The deterministic expert rules therefore delivered markedly superior boundary localization and volume agreement while requiring no additional training. A control experiment with randomly selected upper-aorta windows yielded
R2 values of 0.40–0.70, whereas the USE pipeline achieved a substantially higher
R2 of 0.916, exceeding the 0.90 correlation reported in [
25]
This work yields three key insights. First, when a UNet trained exclusively on normal aorta fails to produce a mask, that absence itself could serve as a marker of pathology. Second, even the sparse masks the UNet does generate are enough to “prompt” SAM2 into producing a continuous, high-quality aortic segmentation that spans the entire scan, aneurysm included. Third, a simple sliding-window rule applied to the SAM2 pixel-count signal can result in reliable aneurysm boundaries detection, achieving a volume correlation of roughly 0.92. Together these findings make the USE pipeline an end-to-end, interpretable solution for AAA screening and quantification in data-sparse settings, dramatically reducing manual annotation effort and opening a path toward scalable, fully automated vascular analysis.
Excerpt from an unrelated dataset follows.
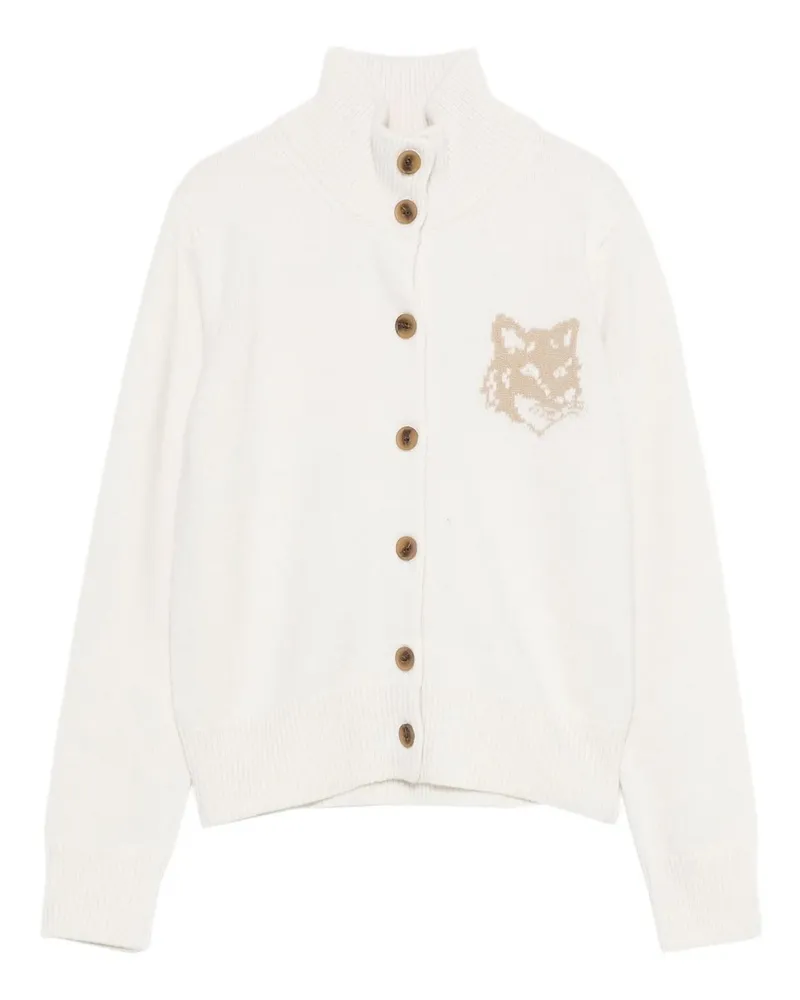Kitsuné Fox Head Intarsia Merino High Neck Cardigan Weiß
However, several important limitations remain. First, aneurysm volumes are estimated using pixel-count surrogates rather than calibrated voxel measurements. Second, the current segmentation captures only the contrast-enhanced lumen, excluding the outer vessel wall and any surrounding thrombus. This is due to the nature of SAM2, which propagates masks based on intensity similarity and therefore tracks only regions with characteristics similar to the initial UNet prompt. Future work will integrate slice-thickness metadata, extend segmentation to the full vessel wall (including thrombus), and validate the approach against manually segmented data.